# Hardest working vegetable?



## teamfat (Nov 5, 2007)




----------



## sgmchef (Sep 30, 2006)

I'll see your potato and raise you some CORN!

Starch, sugar, penicillin, Ethanol, Oil and Bourbon!

I am, however, a huge fan of the Potato!!!


----------



## chrislehrer (Oct 9, 2008)

Onion is the unsung hero. How many dishes start with sweating onion?


----------



## foodpump (Oct 10, 2005)

Bringing up the rear is the cucumber: salads, pickles, and Pimms No.1 cup....


----------



## sgsvirgil (Mar 1, 2017)

The hardest working vegetable was Stephen Hawking.  

Too soon??


----------



## pete (Oct 7, 2001)

sgsvirgil said:


> The hardest working vegetable was Stephen Hawking.
> 
> Too soon??


I am going to hell. I laughed a little too hard at this!


----------



## pete (Oct 7, 2001)

chrislehrer said:


> Onion is the unsung hero. How many dishes start with sweating onion?

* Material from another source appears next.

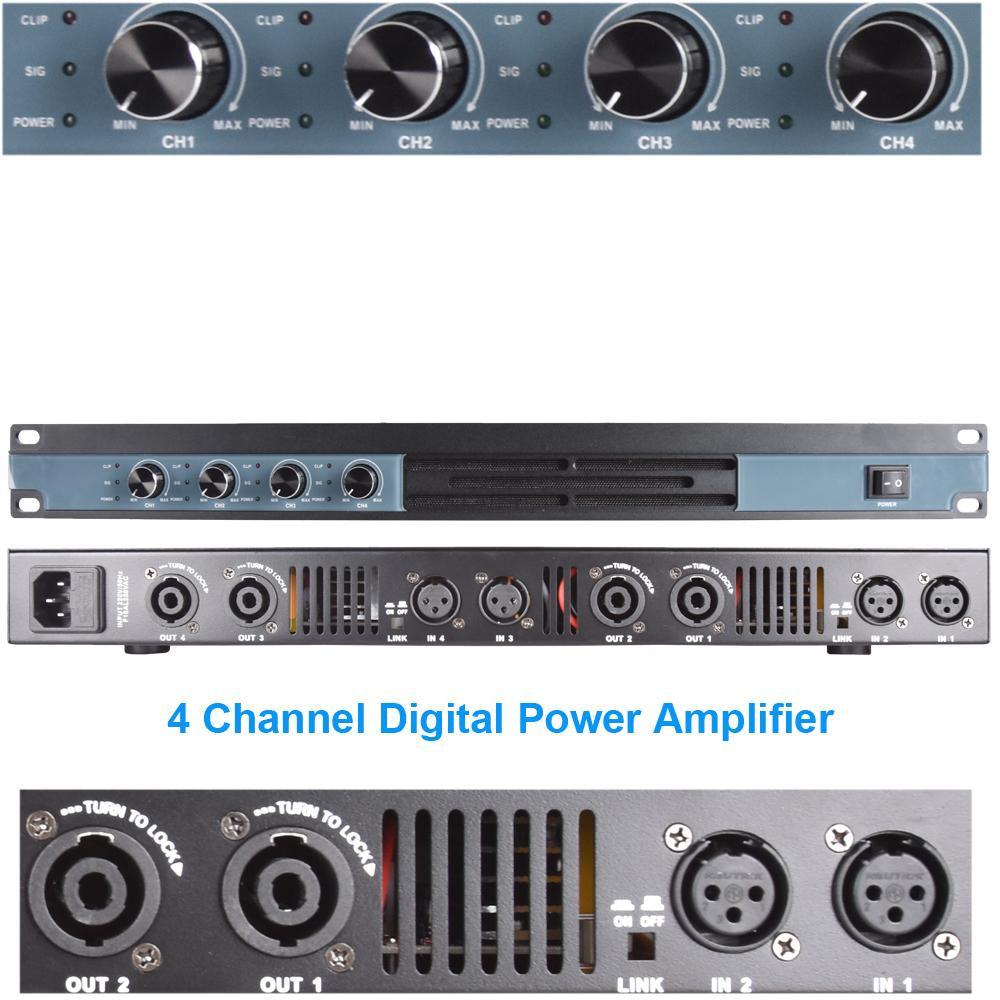 MiCWL Audio Dual Channel 2600W Digital Amplifier 4 Channel 6400 Watts High Power AMP 1U 19 inch Design - MiCWL Audio Inc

Yeah, but do you make booze with it?


----------



## jimyra (Jun 23, 2015)

In a Martini.


----------



## phatch (Mar 29, 2002)

I have to vote with the onion crowd.


----------



## butzy (Jan 8, 2010)

How about the tomato?
Bloody mary, pasta sauce, salads, pizza, sandwiches....


----------



## morning glory (May 28, 2015)

butzy said:


> How about the tomato?
> Bloody mary, pasta sauce, salads, pizza, sandwiches....


Tomato isn't a vegetable. Just saying...


----------



## morning glory (May 28, 2015)

I go with onion. Its in more dishes than potatoes.


----------



## butzy (Jan 8, 2010)

Oops, you are right
My bad


----------